Reexamination of Expired Patents: A Practical Survey
Why patent owners and defendants file ex parte reexams against expired patents, what changes procedurally, and how the six-year damages window drives the strategy.
A patent owner may file an ex parte reexamination request on a patent that has expired. The procedure is structurally the same as for an active patent, but the strategic calculus is different. Most expired-patent reexams are filed because the patent's enforceability period has not yet closed, past damages claims survive expiration, and the patent owner wants to fix a claim vulnerability before pursuing the past-damages case in court.
What expiration changes
Under 35 U.S.C. 154(a)(2), a utility patent's term runs twenty years from its earliest U.S. nonprovisional filing date (subject to terminal disclaimers and patent term adjustments). Foreign priority and provisional benefit do not extend term. After expiration, the patent cannot be enforced against any new infringing conduct. But under 35 U.S.C. 286, an infringement claim may seek damages for the six years preceding the filing of the suit. A patent that expired today can support a damages claim filed within that six-year window.
Reexamination remains available throughout the period of enforceability. MPEP 2211 frames it that way: any person may file a request "at any time during the period of enforceability" of the patent, which extends six years past expiration under 35 U.S.C. 286.
Why patent owners file
The most common scenario: the patent owner is preparing or pursuing a six-year damages claim, and the patent has a claim weakness the owner wants to address before the case is litigated. A reexamination certificate that confirms claims after USPTO review carries reputational weight in court that a clean original prosecution may not, particularly where the prior art the owner anticipates an accused infringer raising can be addressed first at the USPTO.
A secondary motivation: licensing leverage. A reexam certificate confirming claims of an expired patent can be deployed in licensing negotiations where the licensee is considering its damages exposure for past infringement.
What is procedurally different
Two procedural features of expired-patent reexams differ from active-patent reexams.
First, claim amendments are structurally limited. 35 U.S.C. 305 bars any broadening amendment. For an expired patent, the practical effect is that the patent owner cannot rewrite claims to address prior art, only narrow them to existing supported scope. The supported scope of a claim is fixed at the original specification, and an expired patent cannot benefit from later-developed claim language. Most expired-patent reexams therefore turn on the strength of the original claims as written, not on amendment strategy.
Second, patent owner statement strategy shifts. Because amendment options are functionally narrower for expired patents, the patent owner statement under 37 CFR 1.530 often carries more weight than it does for an active patent. Substantive argument about the prior art, rather than claim revision, becomes the load-bearing move.
When third parties file reexams against expired patents
Less common but not rare. A third-party defendant facing a six-year damages claim may file an ex parte reexam request against the asserted expired patent. The economics are different from active-patent challenges, a successful reexam against an expired patent does not eliminate future risk because there is no future risk, but it can substantially reduce damages exposure if claims are amended or canceled.
The structural appeal is asymmetric.

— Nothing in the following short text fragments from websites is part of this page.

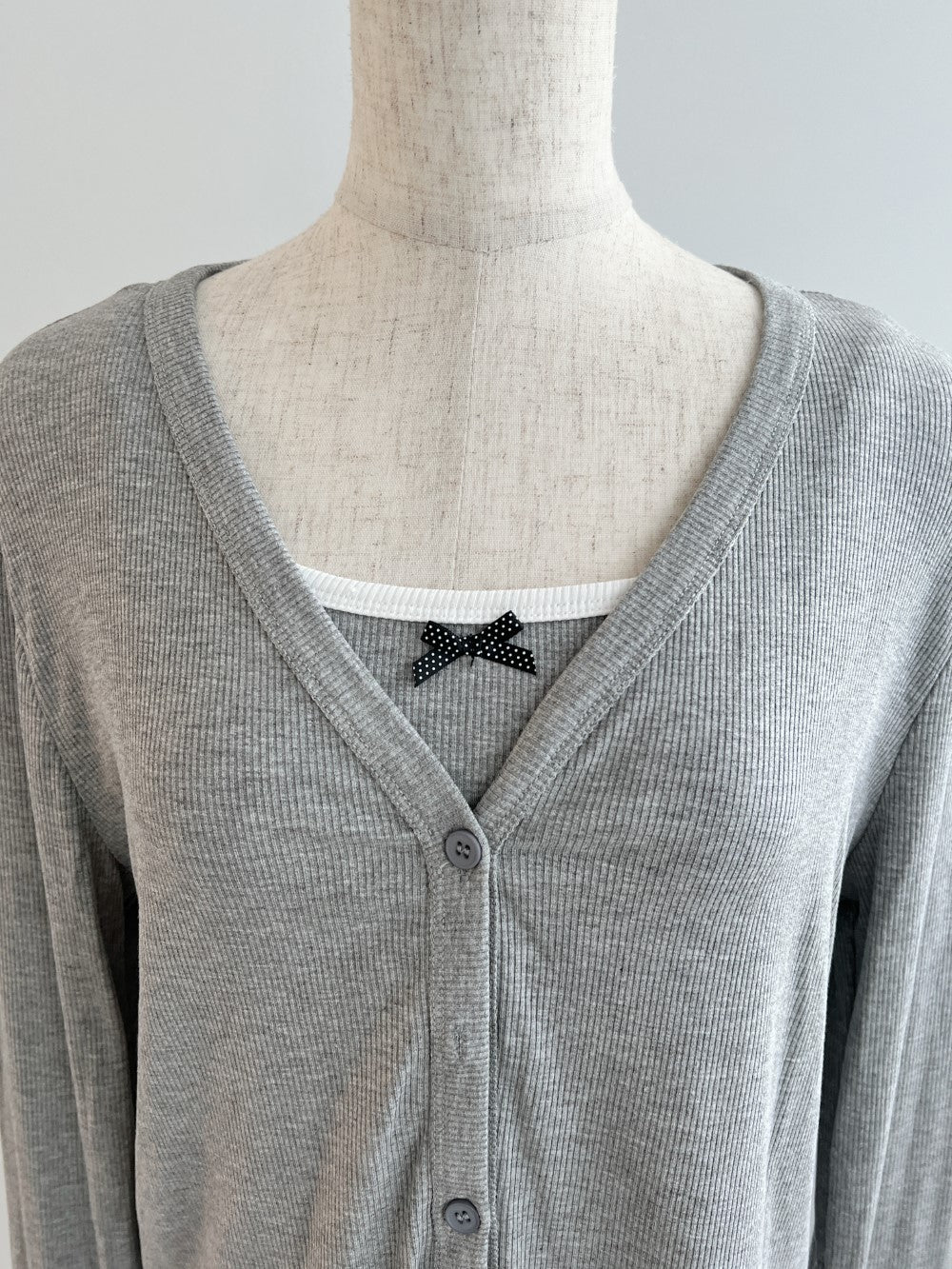 <SL2243688> ribbon simple ensemble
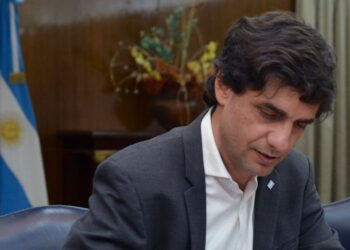 Lacunza advierte sobre los peligros del kirchnerismo y la necesidad de cambios en el Gobierno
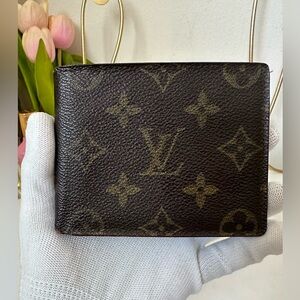 LOUIS VUITTON MONO BIFOLD WALLET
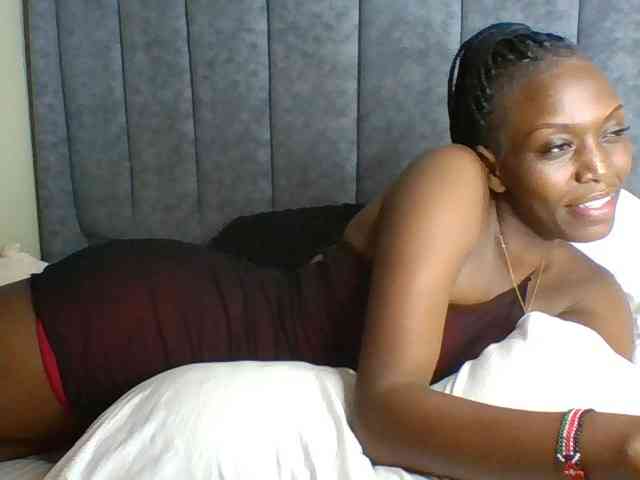 Sexymaya22 webcam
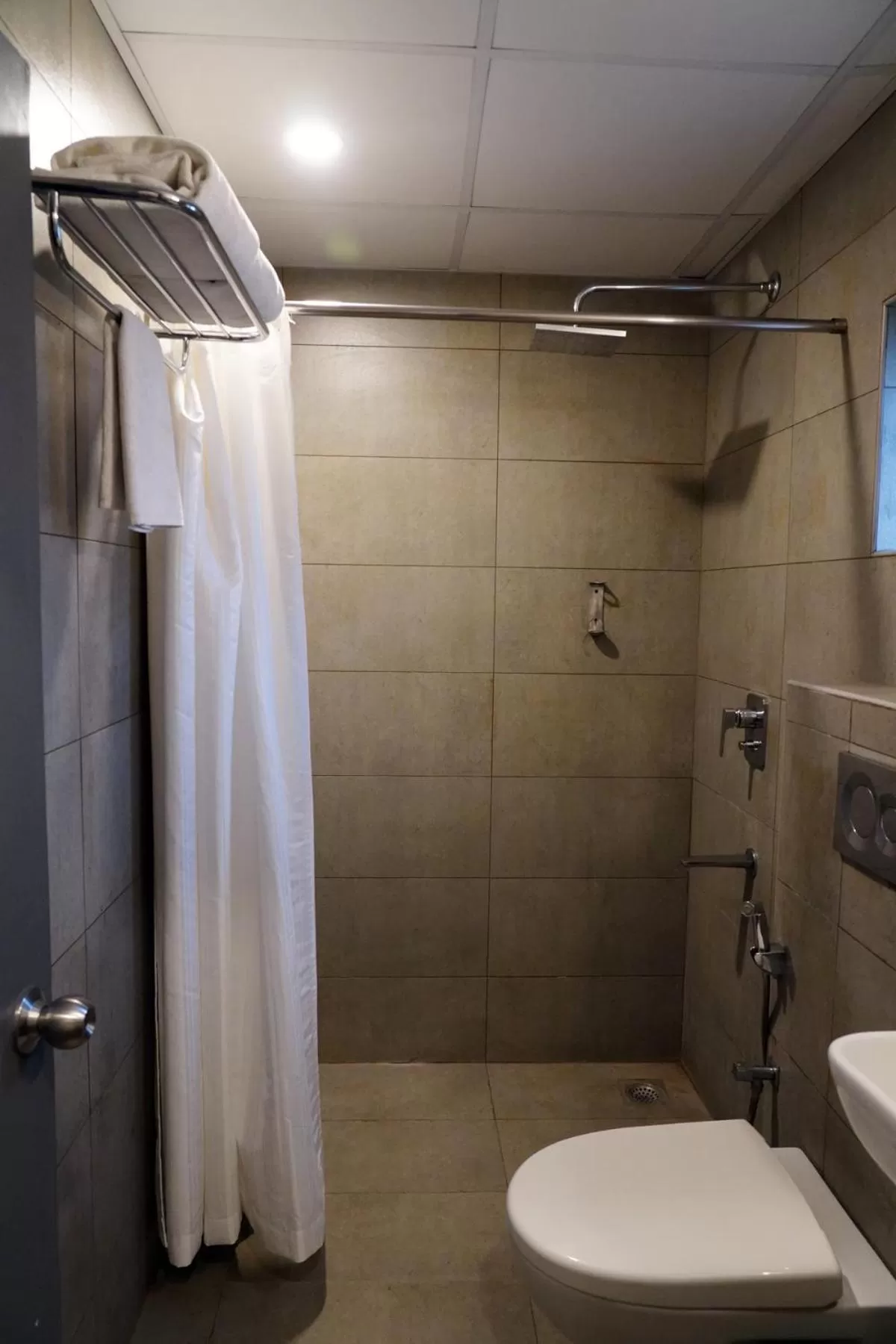 Bathroom in Hotel Bakya Slot - Maraimalai Nagar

Patent owners pay a lower price to defend an expired patent (no future enforcement value at stake). Challengers therefore face a steeper effort-versus-payoff calculation than in active-patent challenges. The reexam still works as an invalidity vehicle, but the upside is bounded by the damages window.
Frequency
Expired-patent reexams are a small share of the overall procedure. On average, they account for well under 10% of total filings. The 2025 third-party surge has not changed that share materially, the patents driving the third-party volume are nearly all active. Expired-patent reexams remain a tool for the past-damages scenario rather than a routine challenge vehicle.
For patent owners watching expiration approach on a patent that has been or is likely to be litigated, the operating question is timing: filing a reexam before expiration to lock in a certificate before damages litigation begins is structurally cleaner than running the procedure on an already-expired patent.